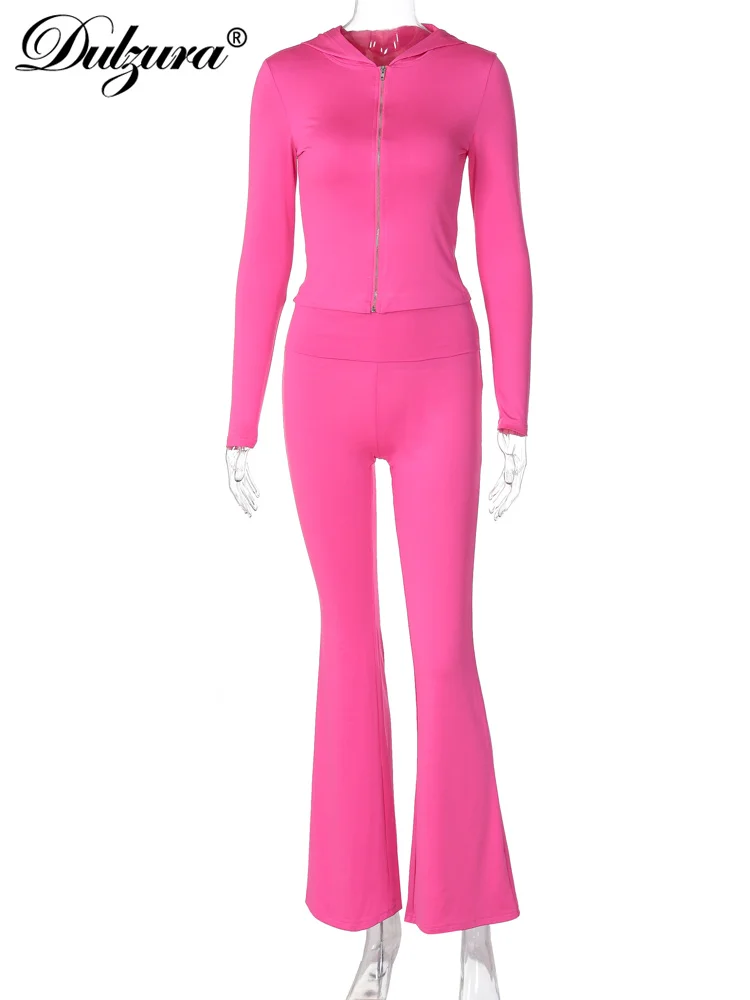 Dulzura Solid Casual Sports 2 Piece Pants Set Long Sleeves Zipper Hoodie And Flare Pants Matching Set Streetwear Autumn Winter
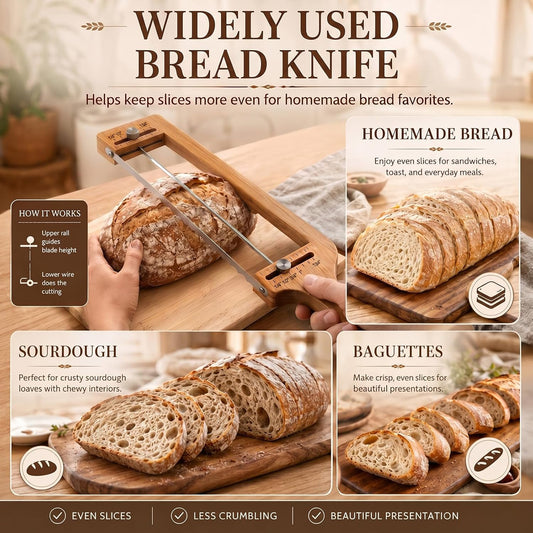 Bread Slicer Adjustable Bread Knife with Lame for Sourdough Homemade Loaf | Adjustable bamboo bread slicer with stainless steel blade and scoring lame for sourdough homemade bread slicing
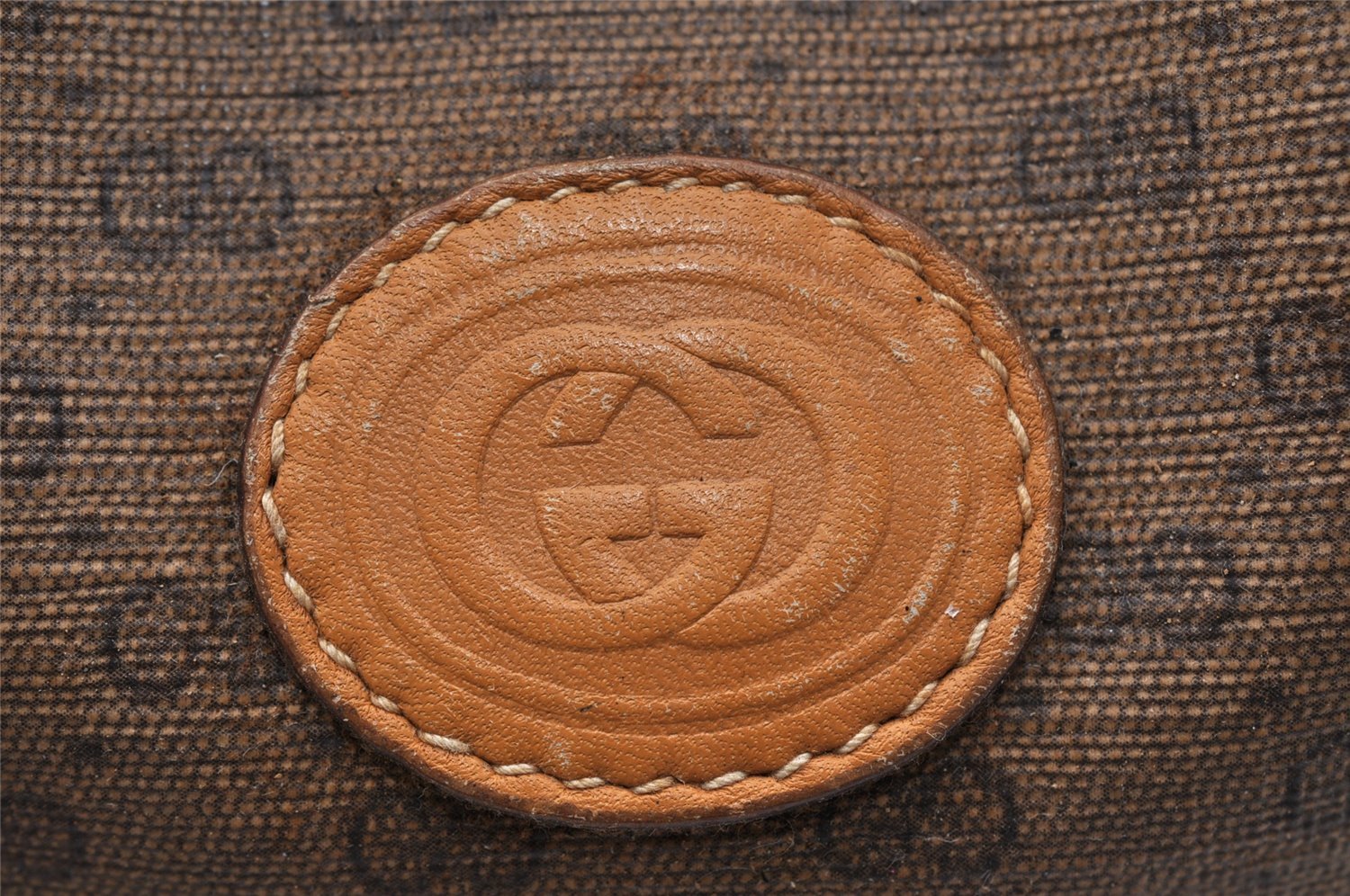 Authentic GUCCI Bamboo Micro GG PVC Leather Drawstring Bag Brown Junk 8462I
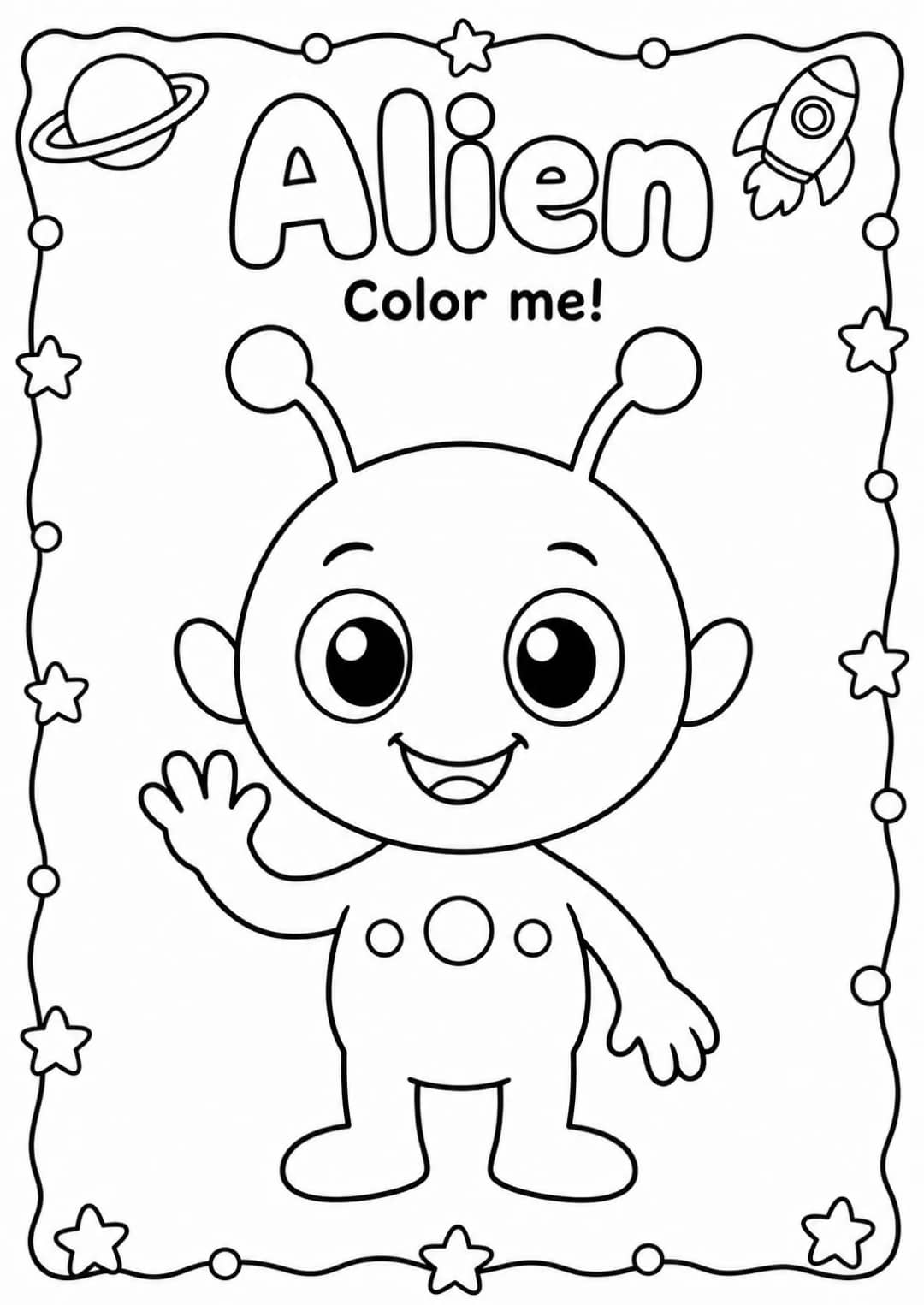 Alien Coloring Pages — free printable Kindergarten Art worksheet
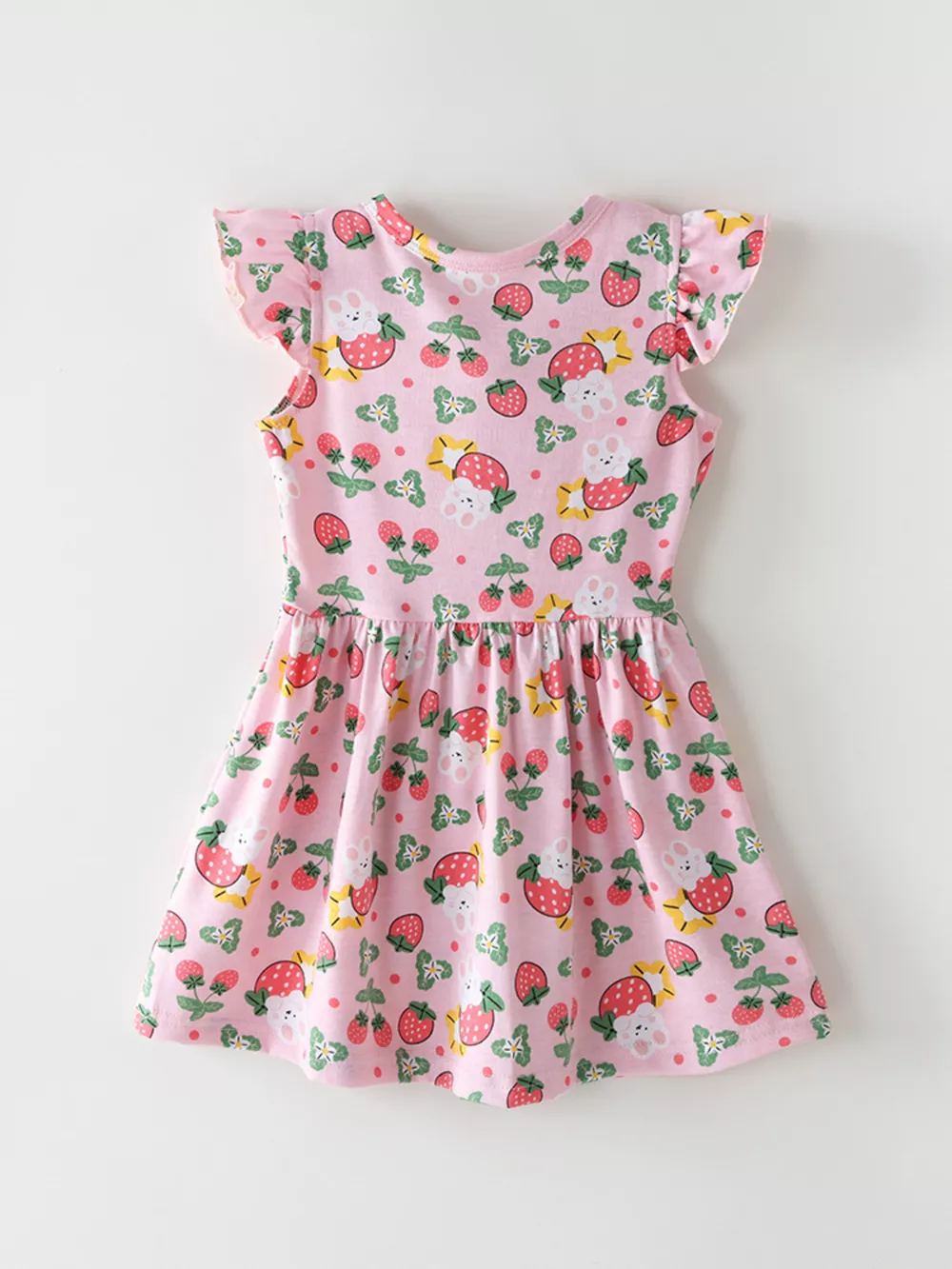 Children's Strawberry Print Ruffle Sleeve Dress, image 5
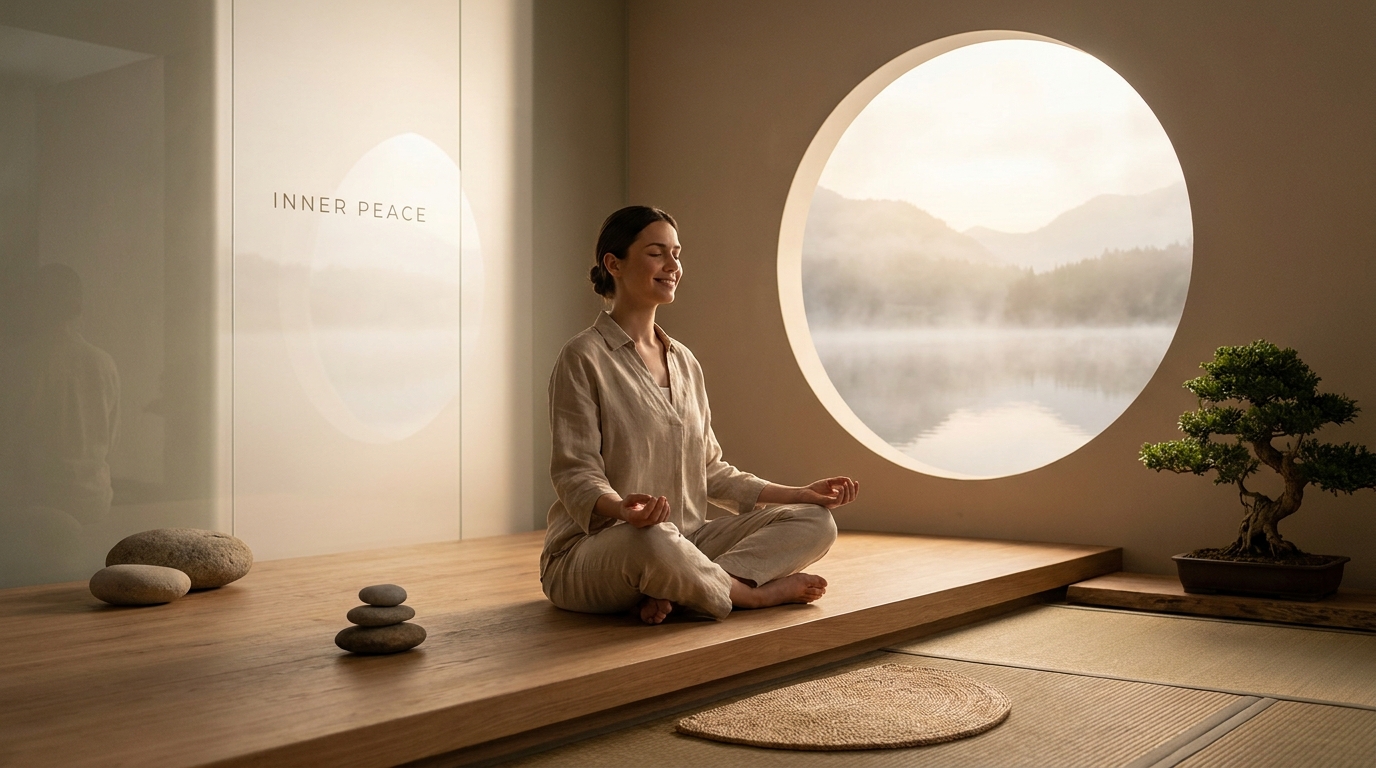 Person practicing yoga and meditation in a serene environment for stress relief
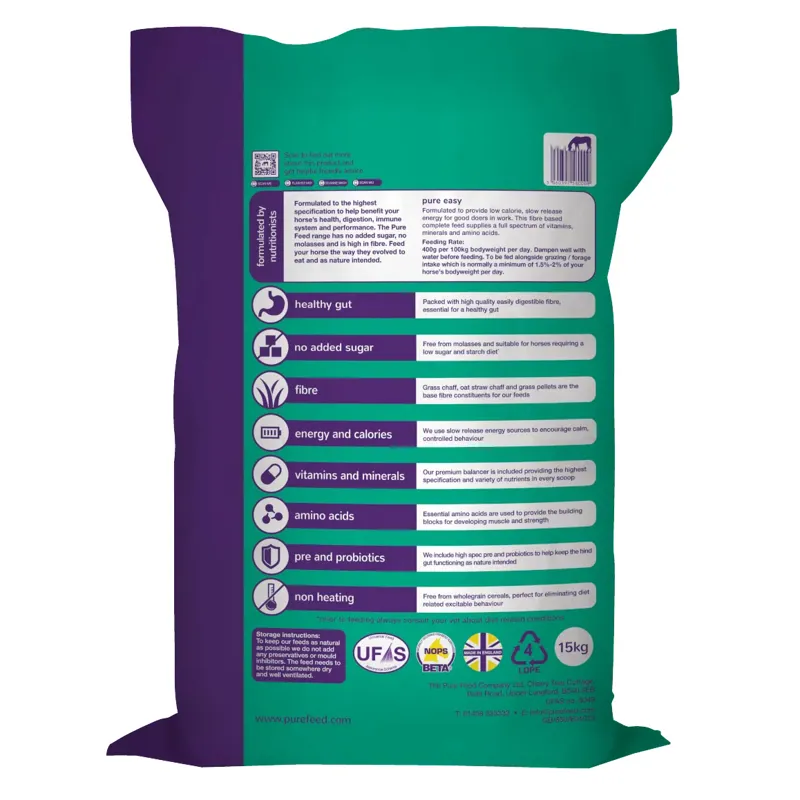 Pure Feed Pure Easy Low Calorie Complete Horse Feed - 15kg-1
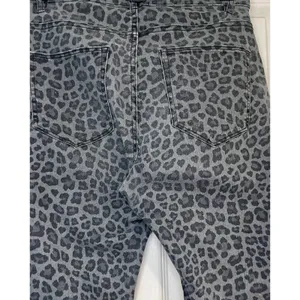 H&M Grey Leopard Animal Print Super Skinny Denim Jeans Raw Hem S thumbnail 6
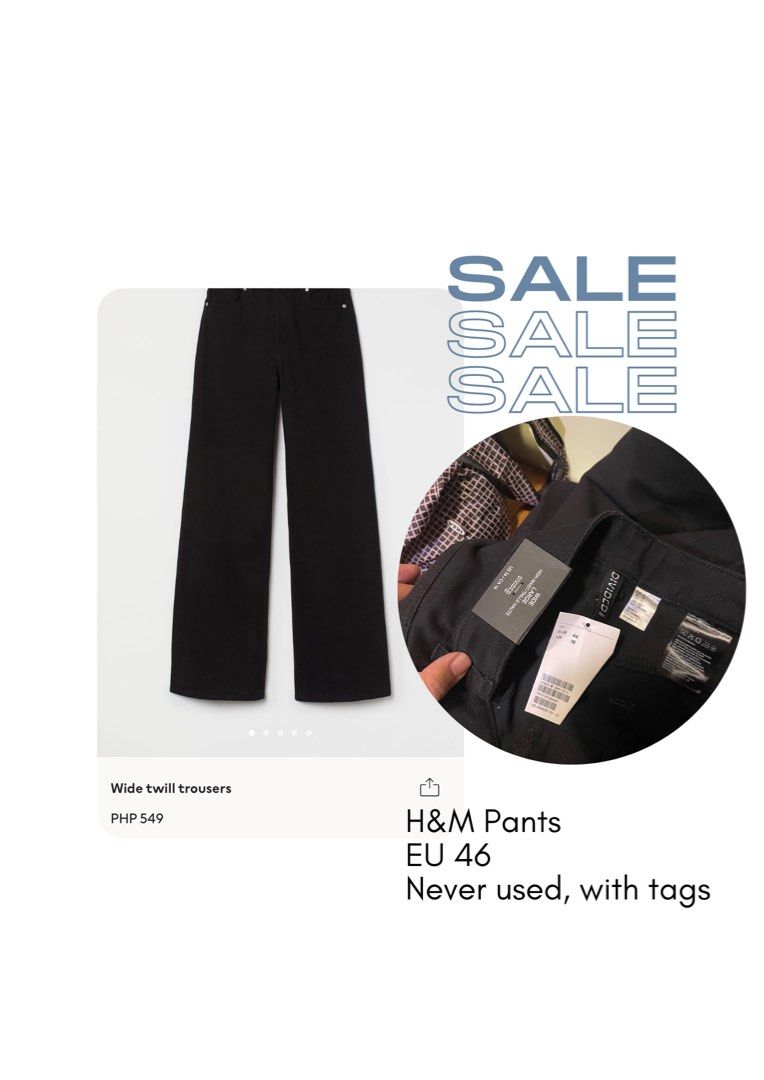 H M wide pants Women s Fashion Bottoms Other Bottoms on Carousell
■ ■ ■
THE TASK:
Copy the final portion of the records: every line from the one containing "Children's Strawberry Print" through the last, word for word, without pictures.

SOLVED PROBLEM:
 Children's Strawberry Print Ruffle Sleeve Dress, image 5
 Person practicing yoga and meditation in a serene environment for stress relief
 Pure Feed Pure Easy Low Calorie Complete Horse Feed - 15kg-1
 H&M Grey Leopard Animal Print Super Skinny Denim Jeans Raw Hem S thumbnail 6
 H M wide pants Women s Fashion Bottoms Other Bottoms on Carousell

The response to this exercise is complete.